European stocks climbed this week, as the Italian Senate approved austerity measures, easing concern the country would need a bailout, and US consumer confidence rose this month more than economists had predicted.
The benchmark STOXX Europe 600 Index gained 0.5 percent to 240.98 this week on optimism a new government led by former EU commissioner for competition Mario Monti would take charge in Italy. The STOXX 600 will rally 14 percent to 275 through the end of next year as earnings growth supports valuations and “extreme pessimism” abates, according to Barclays PLC.
“Concerns about Europe’s debt crisis seem to be easing as Italy and Greece take measures to address ongoing issues and draw a line under the situation,” said Manoj Ladwa, a senior trader at ETX Capital in London.

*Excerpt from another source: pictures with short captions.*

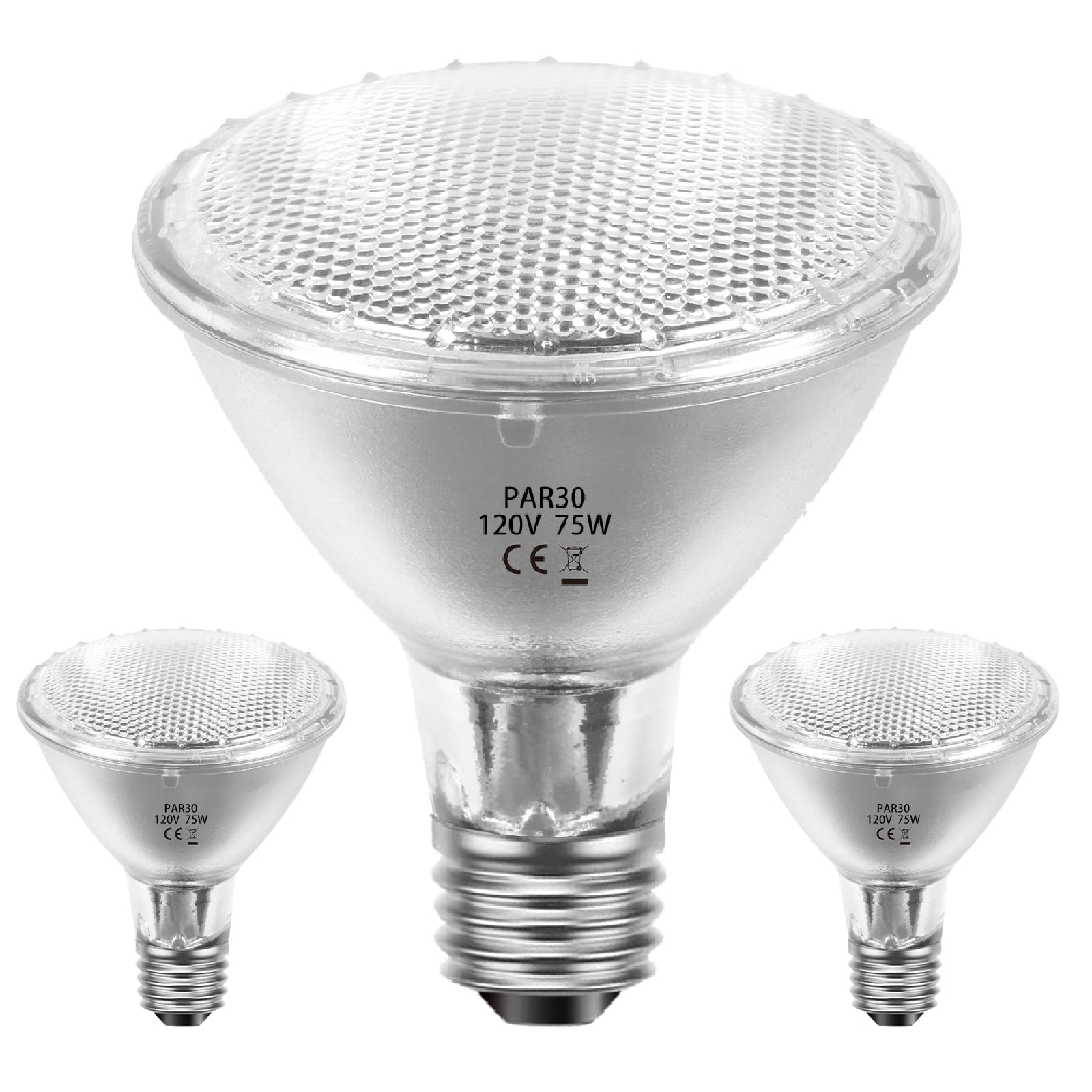 Jaenmsa Par30 Long Neck Halogen Flood Bulbs 75W 120V, Par30 Halogen Indoor Floodlight Bulbs Outdoor E26 Dimmable 2700K Bulb 2 Pa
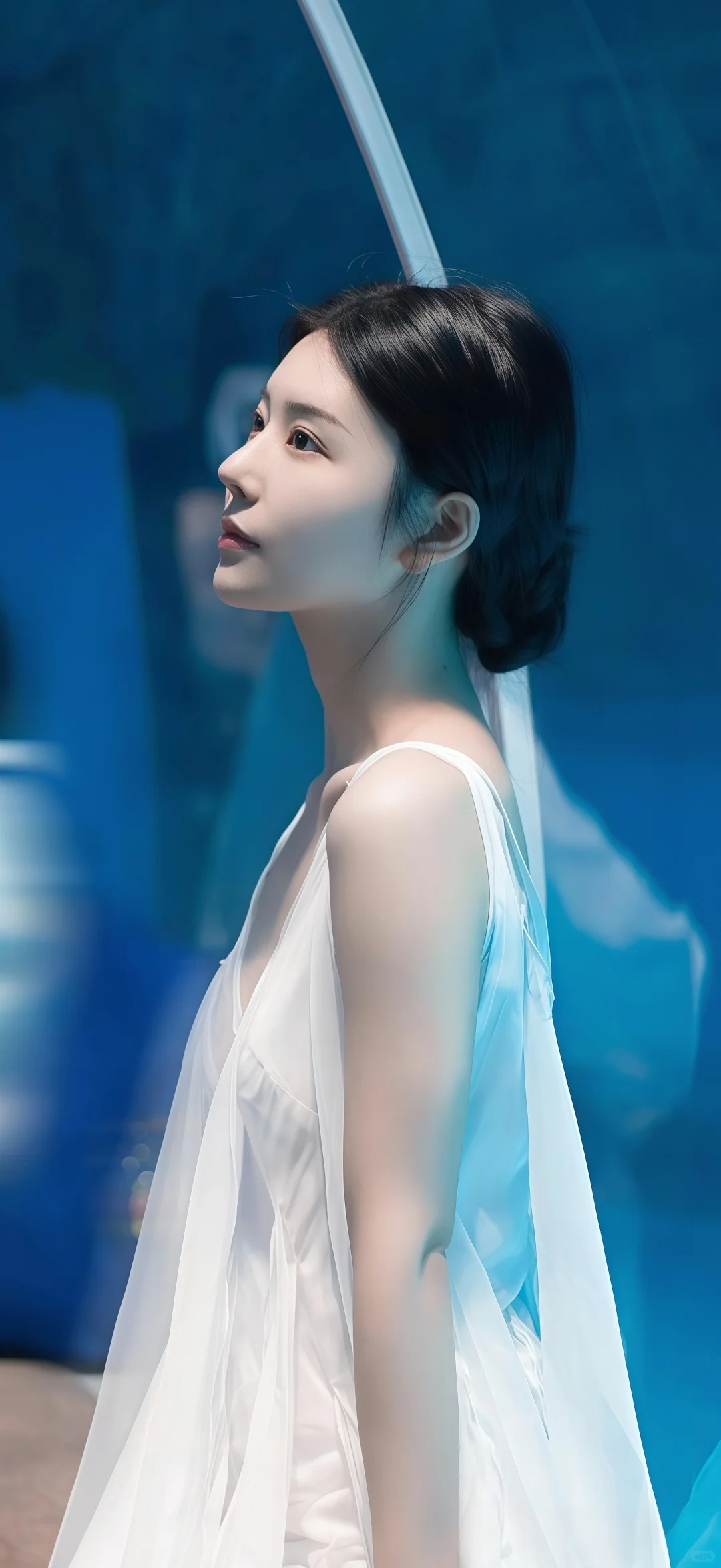 冷白皮的氛围感蓝光～～～高清美女壁纸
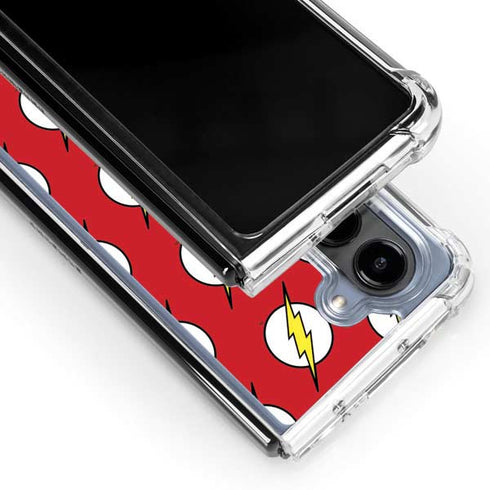 DC Comics The Flash Logo Pattern Galaxy Z Fold5 5G Clear Case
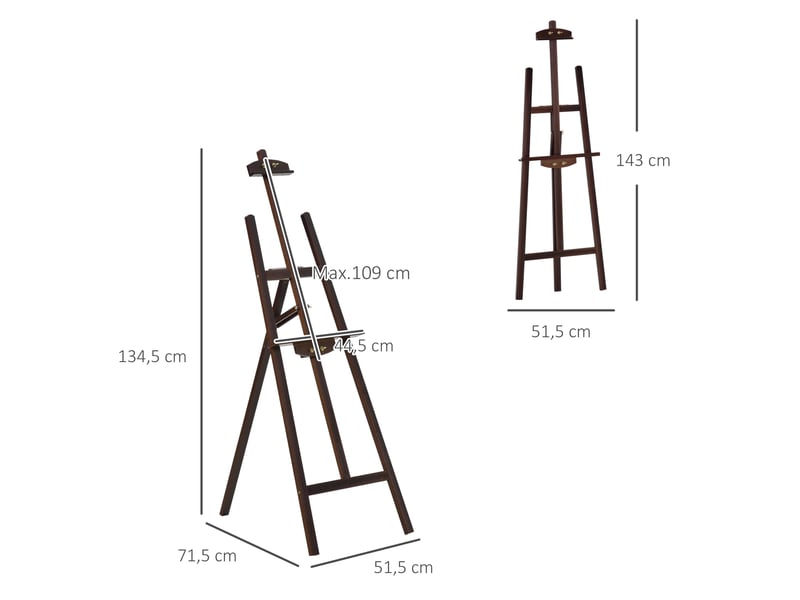  Chevalet d'artiste sur pieds dim. 51,5l x 71,5l x 134,5h cm réglable inclinaison 90° max. Bois de pin  - Conforama C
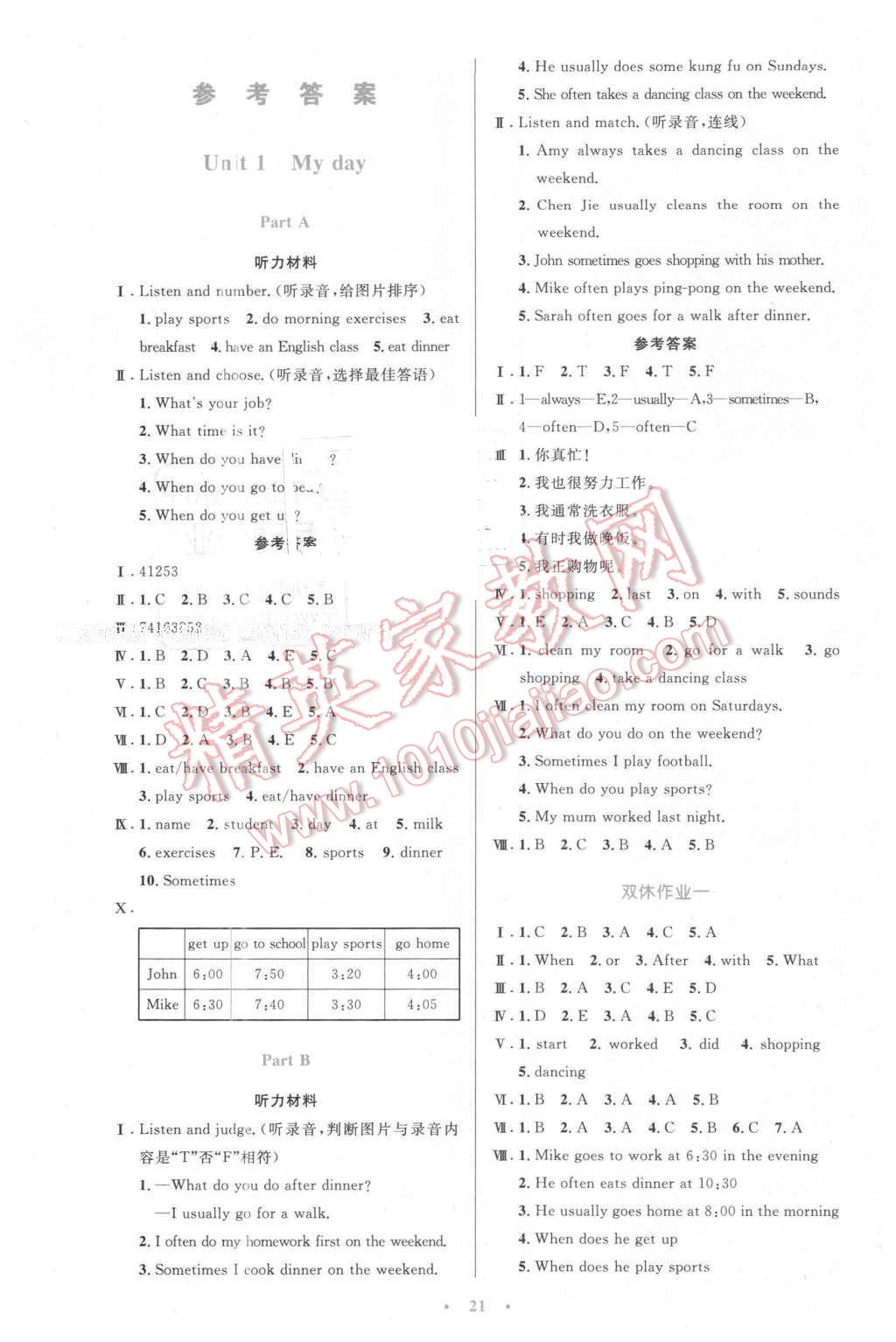 2016年小学同步测控优化设计五年级英语下册人教PEP版三起 第1页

In Italy, the Senate voted 156 to 12 to pass the package of measures promised to the EU in a bid to boost growth and cut Italy’s debt of 1.9 trillion euros (US$2.6 trillion), the world’s fourth biggest. Opposition lawmakers did not take part in the vote, allowing the bill to pass.
The Senate brought forward the ballot after Italian Prime Minister Silvio Berlusconi lost his parliamentary majority this week, leading bond yields to surge to euro-era records. Italy’s debt exceeds that of Greece, Spain, Portugal and Ireland combined. Unlike those nations, it has systemic importance as the world’s third-largest bond market and the eighth-biggest economy.
In the US, the Thomson Reuters/University of Michigan preliminary index of consumer sentiment for this month rose to 64.2 from a final reading of 60.9 last month.
“Consumer confidence is improving, indicating a dislocation between consumers’ retail confidence and consumers’ financial and political system confidence,” said Daniel Weston, a portfolio adviser at Schroeder Equities GmbH in Munich.
National benchmark indices climbed in 10 of the 18 Western European markets. France’s CAC 40 gained 2.8 percent, the UK’s FTSE 100 Index rose 0.3 percent and Germany’s DAX jumped 1.5 percent.